Tauranga Domain
Band Rotunda in Tauranga Domain, c. 1915. Photo 99-093
Rev. A.N. Brown and his fellow missionaries used the area outside the immediate mission house environs for their domestic animals and for vegetable gardens. When the soldiers arrived in 1864 redoubts were established. The Monmouth Redoubt has survived intact, but the Durham Redoubt was built on a hill long since cut down where the Durham Motor Inn is now. The closest flat land was the area to the west and this became the parade ground. Here, punishment was administered by the 68th Durham Light Infantry and their successors, the 12th regiment. According to the Bay of Plenty Times, the culprits were strung up on “triangles” and received their lashes to the accompaniment of the regimental band while “a number of curious individuals anxious to gratify a morbid taste” gathered to watch.
Durham Light Infantry 1864. Photo 01-023
A Domain Board was established to administer the whole area. It was anticipated that the parade ground would be turned into “something approaching in character to a garden, where the perfume of flowers and perhaps the warbling of birds would recall old forgotten memories”. Lack of money, then as now a problem with public works, prevented the Domain Board from doing more than fencing and planting trees.
Money for the upkeep was obtained by leasing land for grazing. This caused almost more problems than it solved. The athletics and rugby clubs disliked using land on which cows had left their offerings, and the cattle often ate the small shrubs and trees laboriously planted by volunteer labour. A well on the northern part of the area was used for water until the borough supply was laid on in 1912.
Football and cricket pavilions were constructed in the 1890s, with bowls, tennis, croquet and hockey played on a regular basis. A band rotunda was built in 1894.
Tauranga Domain Merrielees No. 59 Bowling Club with man mowing Green 1920. Photo 04-484
The 1940s saw some changes. A new site – Hillsdene – was chosen for the co-educational secondary school, and the former High School Reserve became a permanent part of the Domain. It was here that a Transit Camp was created, operated by the Borough Council for returning soldiers and their families. The camp closed and the buildings were removed in 1951. Duff Maxwell helped with the demolition, and used some of the timber and concrete around The Elms estate.

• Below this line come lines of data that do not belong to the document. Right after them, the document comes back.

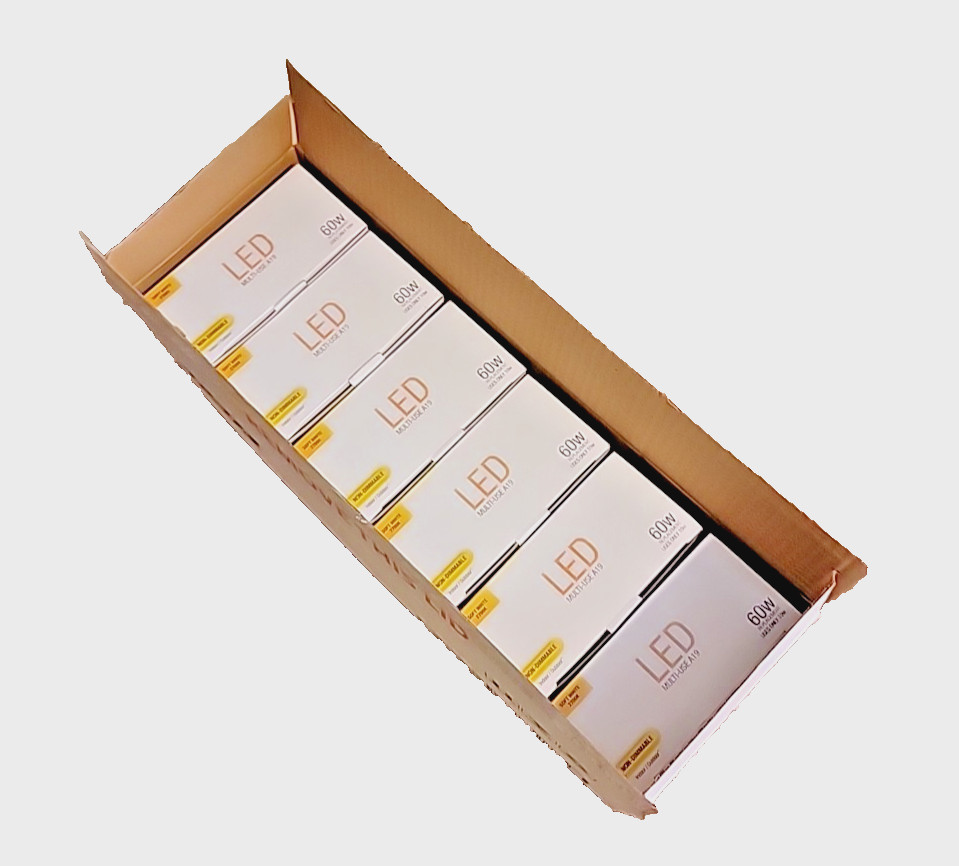 60w Soft White Non-dimmable 800 Lumens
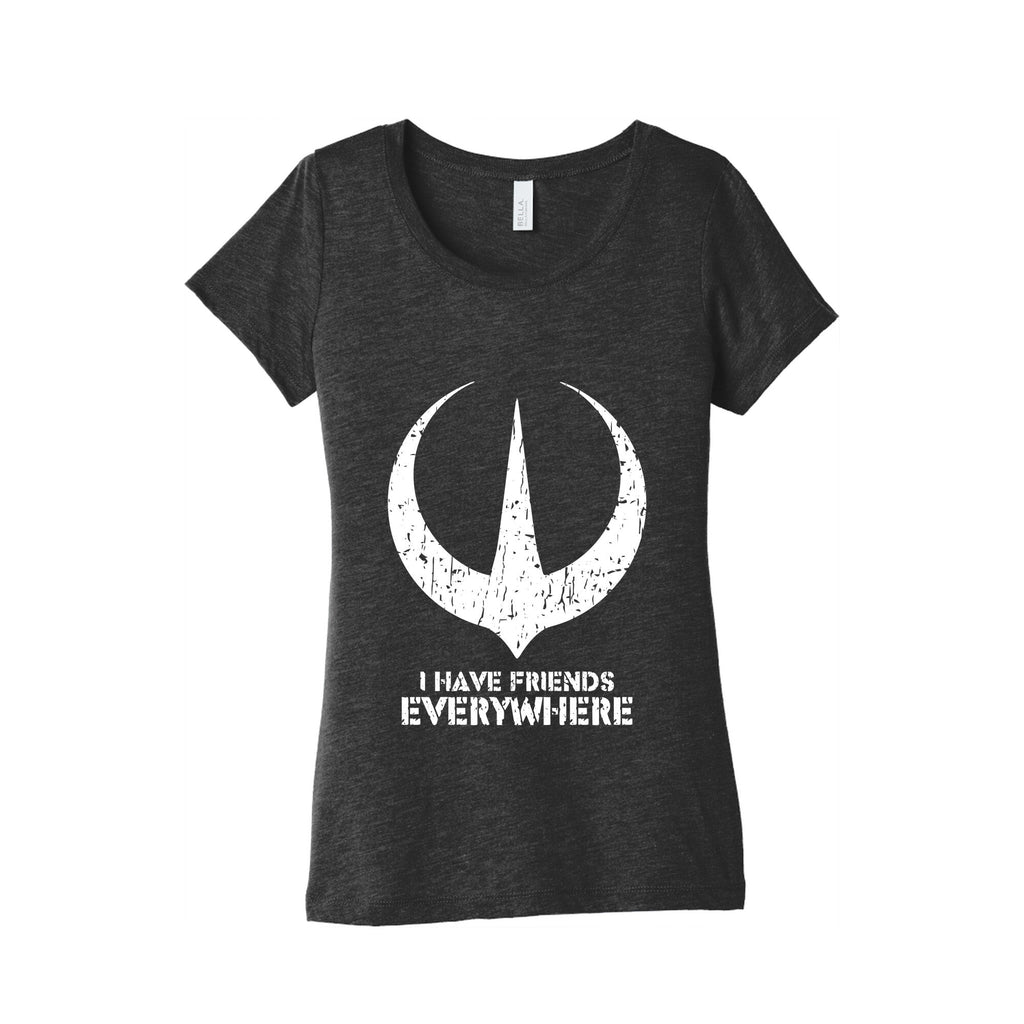 I Have Friends Everywhere Womens Triblend Tee Unisex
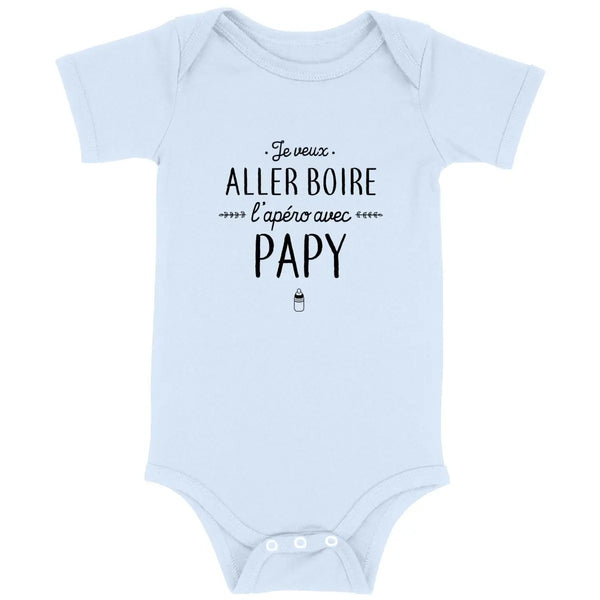 Body bébé L'apéro avec papy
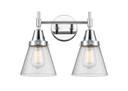 Bathroom Fixtures Two Lights by Innovations ( 405 | 447-2W-PC-G64 Caden ) 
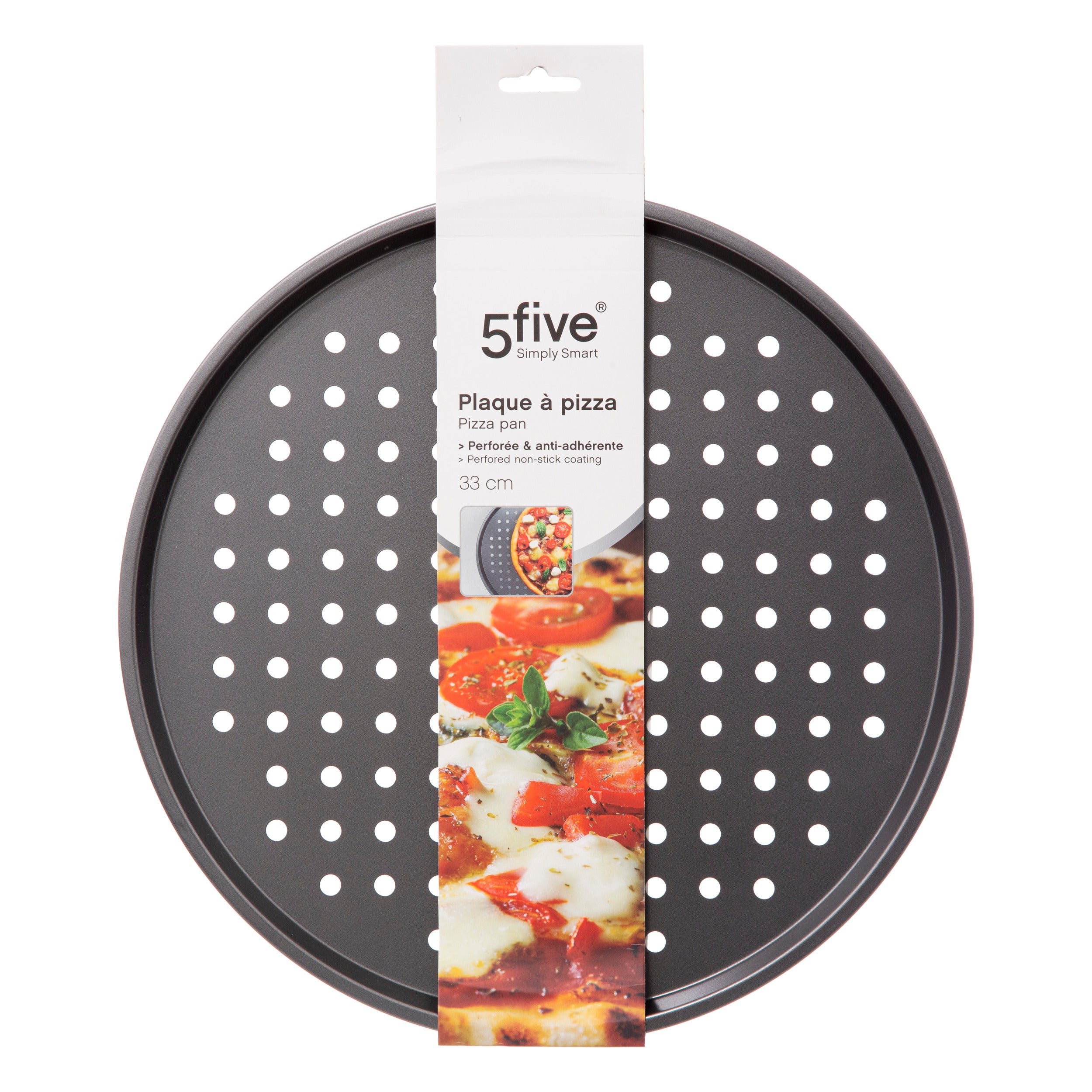 Tava pizza metal 33 cm - Five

The Domain has always been the scene of community events including a garden party for MP Sir William Herries, Coronation festivities, and Mounted Rifles exercises. The first of the highly successful Highland Games were held in on the Domain in 1969.
There are two significant memorials in the Domain: the statue of Canon Charles Jordan, Vicar of Holy Trinity for 39 years, who also served as Mayor of Tauranga for nine years. This, Tauranga’s only commemorative statue, was unveiled in 1916, four years after Jordan’s death. The War Memorial Gates were designed by Col. G.A.Ward, local architect and owner of the Bay of Plenty Times. They were opened in 1921 as a tribute to local men who died in World War I.